Recorded information
- - -

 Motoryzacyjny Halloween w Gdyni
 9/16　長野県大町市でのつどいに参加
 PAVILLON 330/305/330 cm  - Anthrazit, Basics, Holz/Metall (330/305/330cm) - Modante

- - -

Prompt
The complete listing is needed again, with each line reproduced exactly.

Answer below
 Motoryzacyjny Halloween w Gdyni
 9/16　長野県大町市でのつどいに参加
 PAVILLON 330/305/330 cm  - Anthrazit, Basics, Holz/Metall (330/305/330cm) - Modante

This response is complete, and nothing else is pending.